When you reach the line containing "Orden de Compra", repeat that line and each one after it exactly until the records end, leaving out pictures.
━━━━━━━━━━━━━━━━━━━━
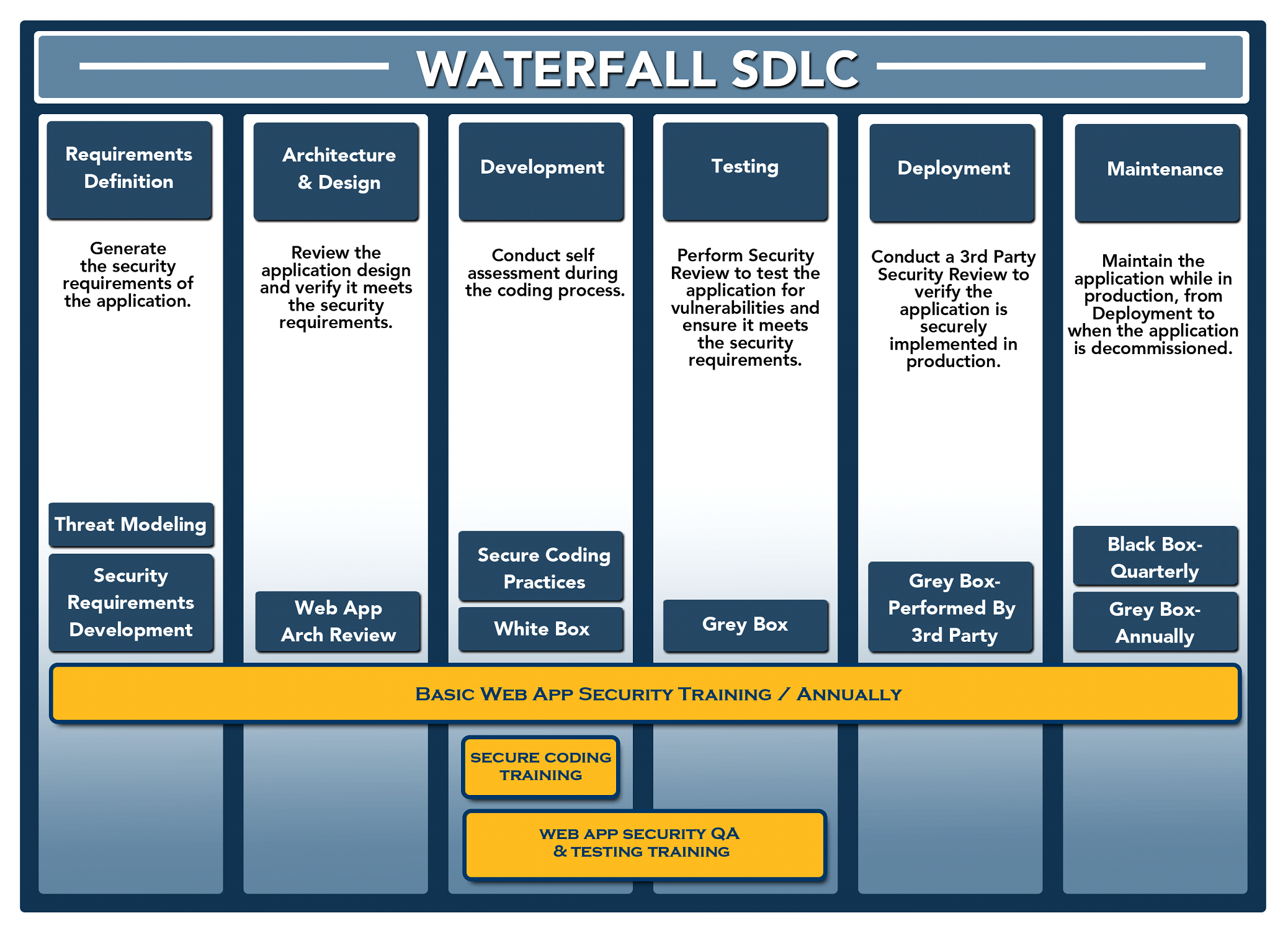 Software Development Life Cycle Waterfall Model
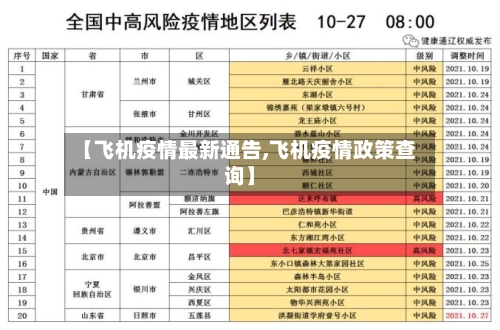 【飞机疫情最新通告,飞机疫情政策查询】-第3张图片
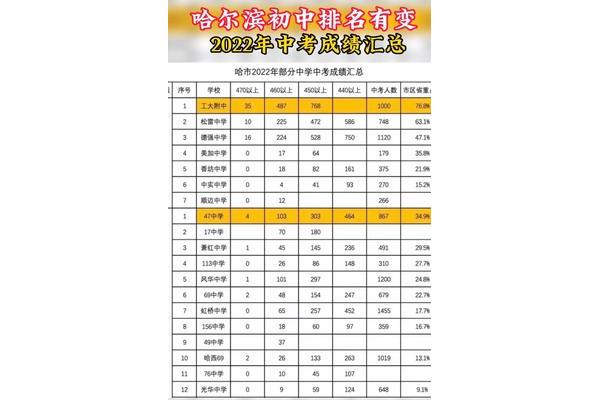 哈尔滨初中排名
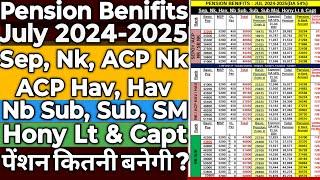 Pension Benefits to JCO and OR 2024-25 | #pension #benifits #retirement #army #military #Army #pcda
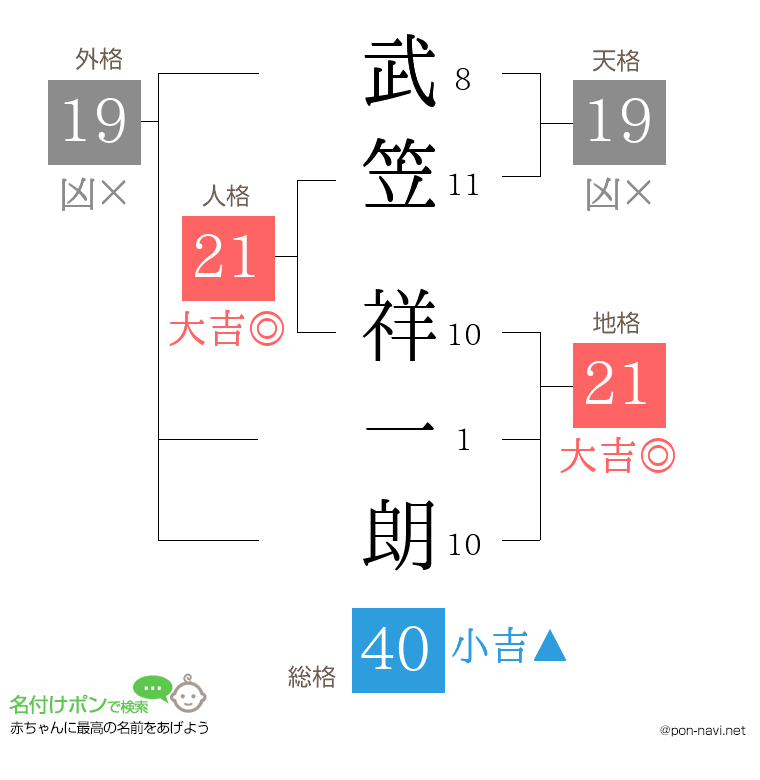 武笠 祥一朗さんの姓名判断結果
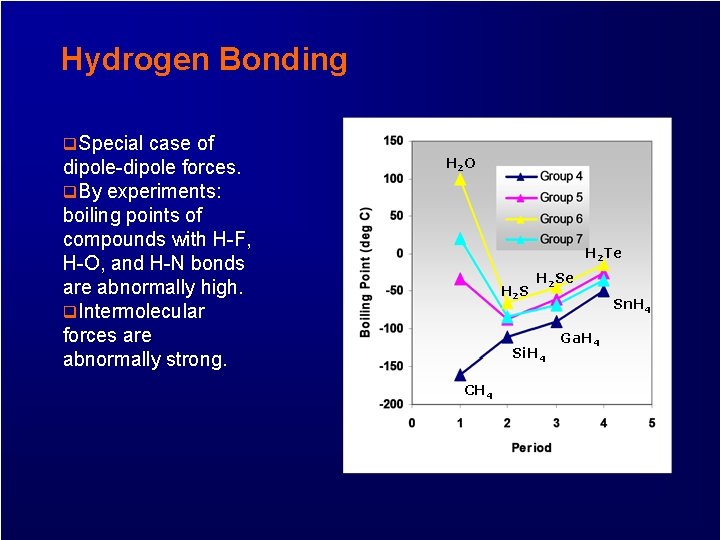 Hydrogen Bonding q. Special case of dipole-dipole forces. q. By experiments: boiling points of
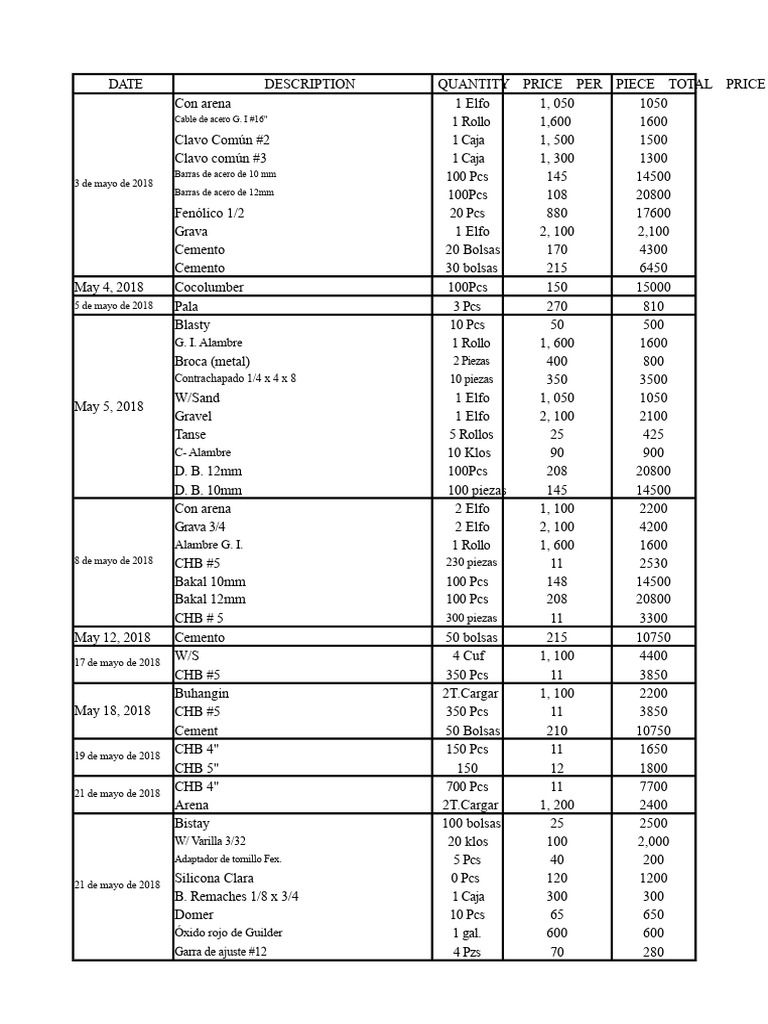 Orden de Compra | PDF | Materiales de construcción | Materiales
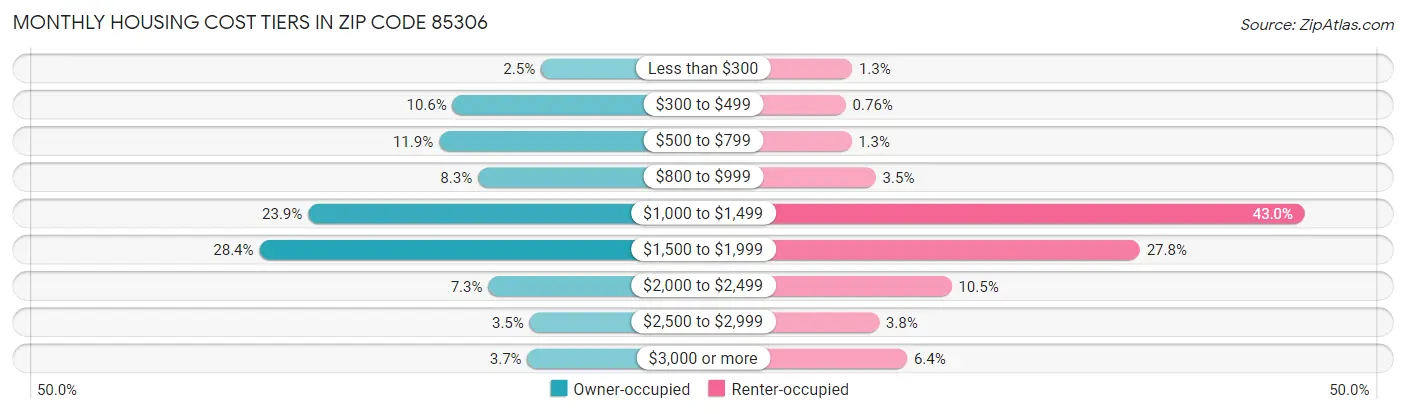 Monthly Housing Cost Tiers in Zip Code 85306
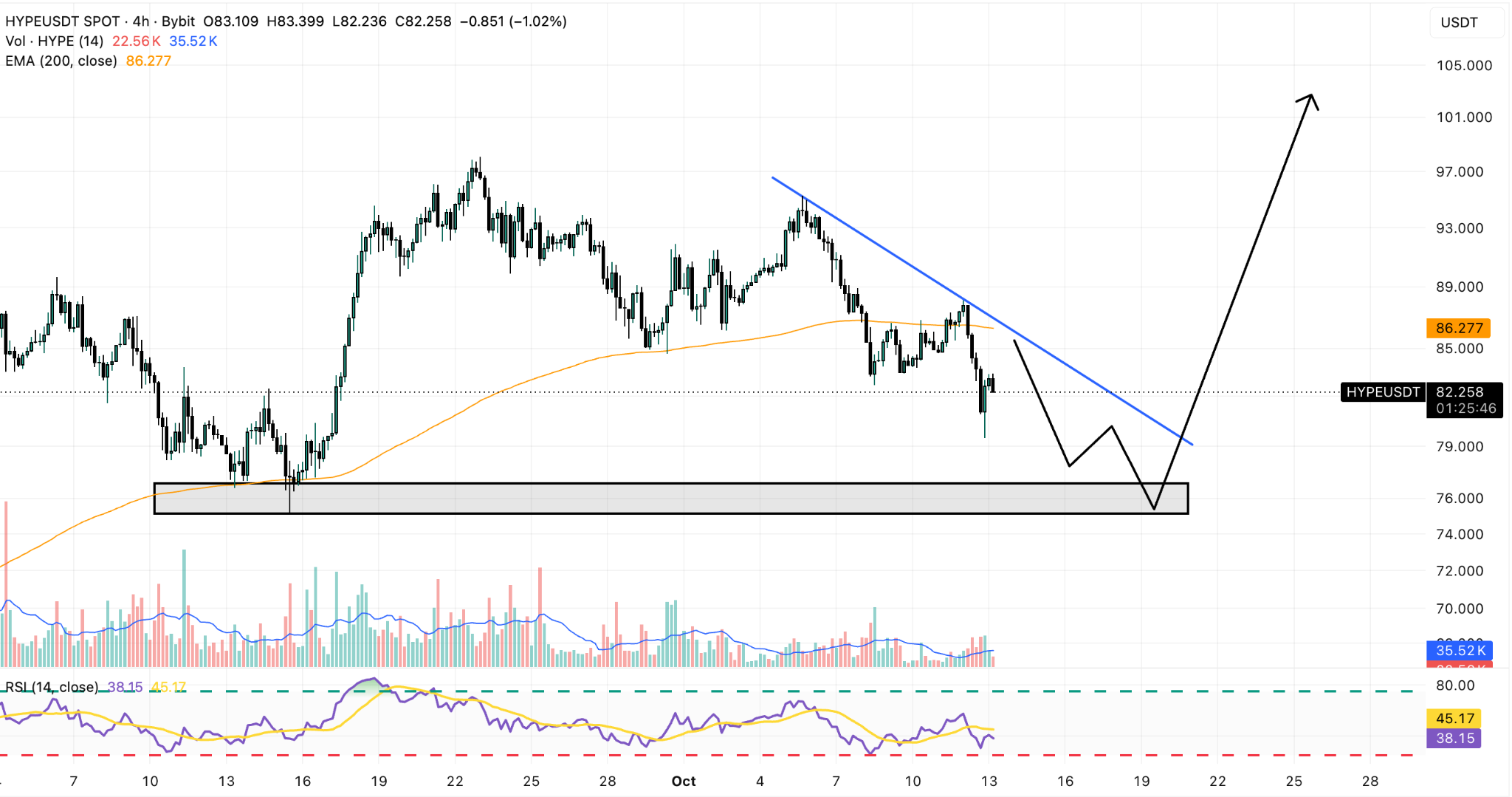 HYPE/USDT 4-Hour Chart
━━━━━━━━━━━━━━━━━━━━
• RESULT BELOW
 Orden de Compra | PDF | Materiales de construcción | Materiales
 Monthly Housing Cost Tiers in Zip Code 85306
 HYPE/USDT 4-Hour Chart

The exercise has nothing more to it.